The same kissing of which the entire set and lighting was made at this important show. Important because of the way Tisci fueled the collection with teenage energy and urban party tailoring.
Take his color palette – not your usual black but fiery brass cowboy belts or battered cooper studding – all spread over Sheriff’s jackets, see through rambler’s chiffon shirts and mean Edwardian undertaker redingotes. Even a half dozen women’s couture passages glistened in copper.
Put together with lots of unexpected materials from burnish Cuban heel pony skin boots to Donegal tweed coats. Amidst the resurgence of logos, Riccardo plastered the brand name over padded nylon flight jackets, some cut like marquetry in the form of human musculature.

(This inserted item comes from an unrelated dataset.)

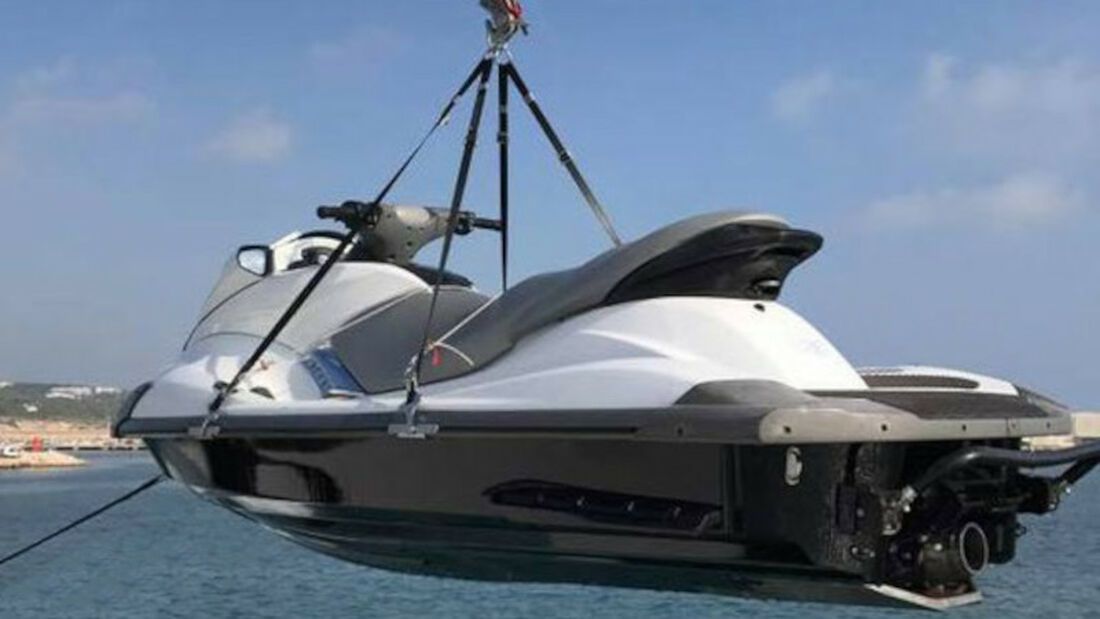 En Moraira recogida y transporte de motos de agua y jet ski del puerto a la marina seca y guardamos en estantería en nave bajo cubierta.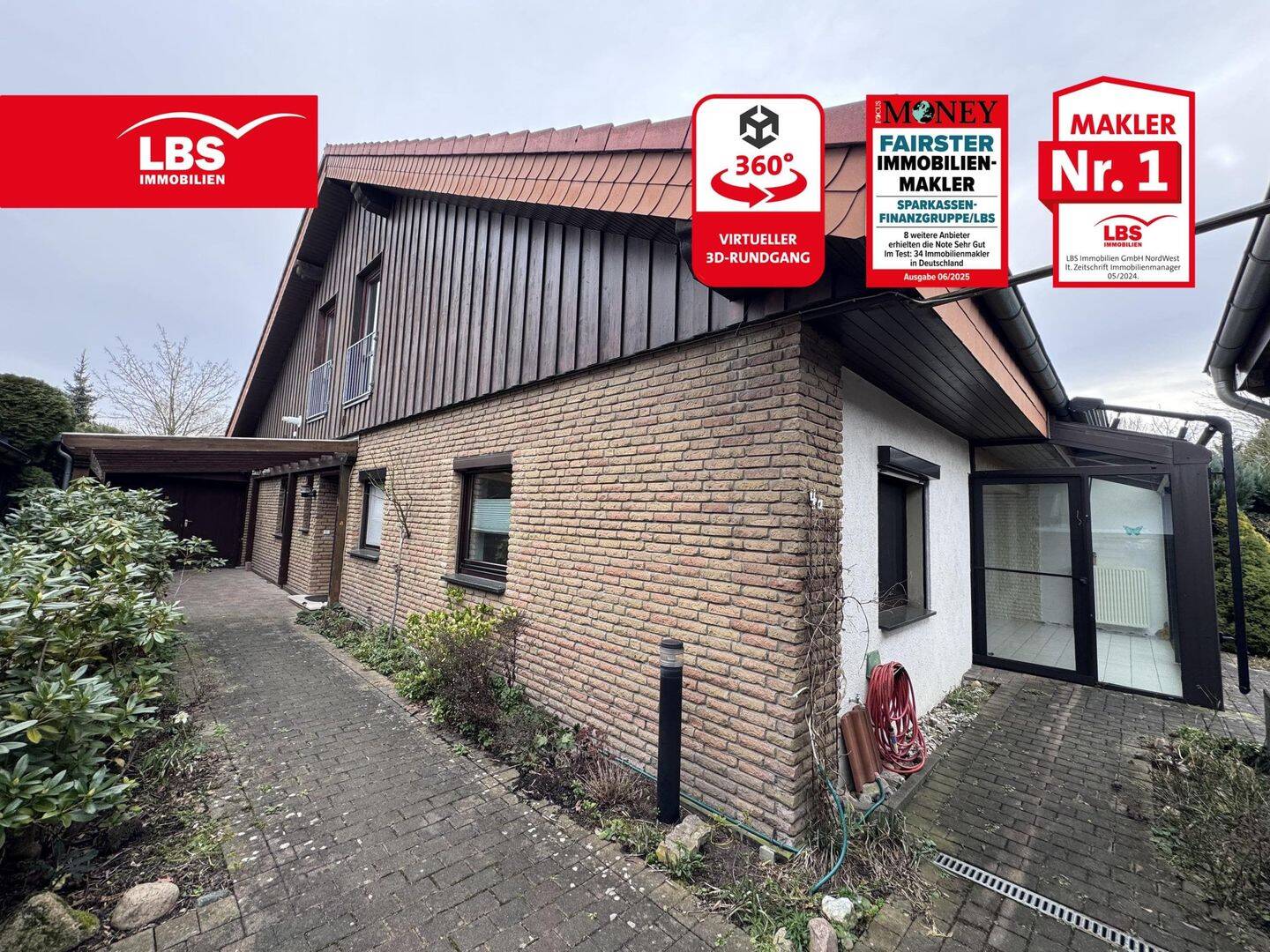 Attraktive Doppelhaushälfte in ruhiger Wohnstraße mit Carport, 33758 Schloß Holte-Stukenbrock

Men’s fashion has been dominated with appliqués and Western motifs this season, but Tisci looked to the rebellious aesthetic of the giant after-hours techno clubs of Berlin.
“I’ve been spending lots of time in Berlin and I love their sense of freedom; their dark, earthy Germanic colors. Plus this is my own take on Metallic and Iron Maiden,” winked Tisci, a swirl of editors sweeping around him, seconds after posing for Asap Rocky.